Energy and Environment Reporting for Texas

One Way Carbon Emmissions are Making it Harder to Research Biofuels

Sr. Jerry Brand directs UT's Algae Culture Collection.

Back in the seventies and eighties, algae, a biofuel, was viewed as a possible path to energy independence. Federal money flowed to research, and science made some progress understanding how the stuff could be used.  Then, the money stopped flowing.

For about 20 years.

Now that researchers are taking another look at algae, they’re also learning how much knowledge was lost in the decades when funding dropped off.
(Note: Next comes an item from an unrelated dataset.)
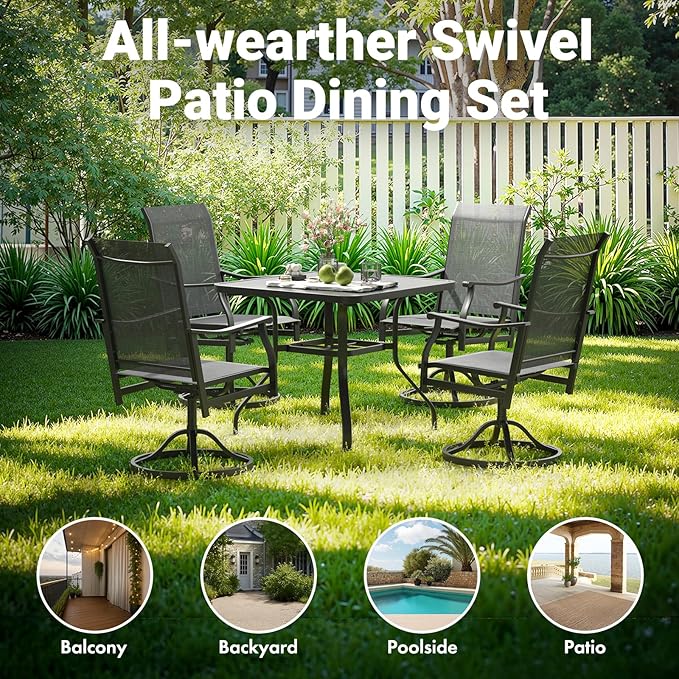 Soohow Outdoor Dining Chairs Set of 2, 360°Swivel Patio Dining Chair with Textilene Fabric, Outdoor Metal Armchair All Weather Resistant, Ergonomic Comfort, Perfect for Patio, Backyard, Balcony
“That has resulted, in many cases, in having to re-visit many of the same questions that were out there when the federal government was pursuing this type of work in the seventies and eighties,”
Paul Zimba, Director for the Center of Coastal Studies at Texas A&M Corpus Christi, tells StateImpact Texas.

For one thing, he says, research technology is different. But perhaps the most worrying changes have been environmental. There’s more carbon dioxide in the earth’s air and water than there was 20 years ago. Zimba says that increase encourages some types of algae to grow and inhibits other types.

“As you increase the carbon dioxide concentrations, you also change the PH of the water and that can also effect the algae that are growing there,” says Zimba.

Algae eats carbon dioxide which is actually one of the reasons scientists are studying it in the first place. They’re hoping it could be used as a carbon neutral fuel source, to help cut down on all that carbon dioxide pollution.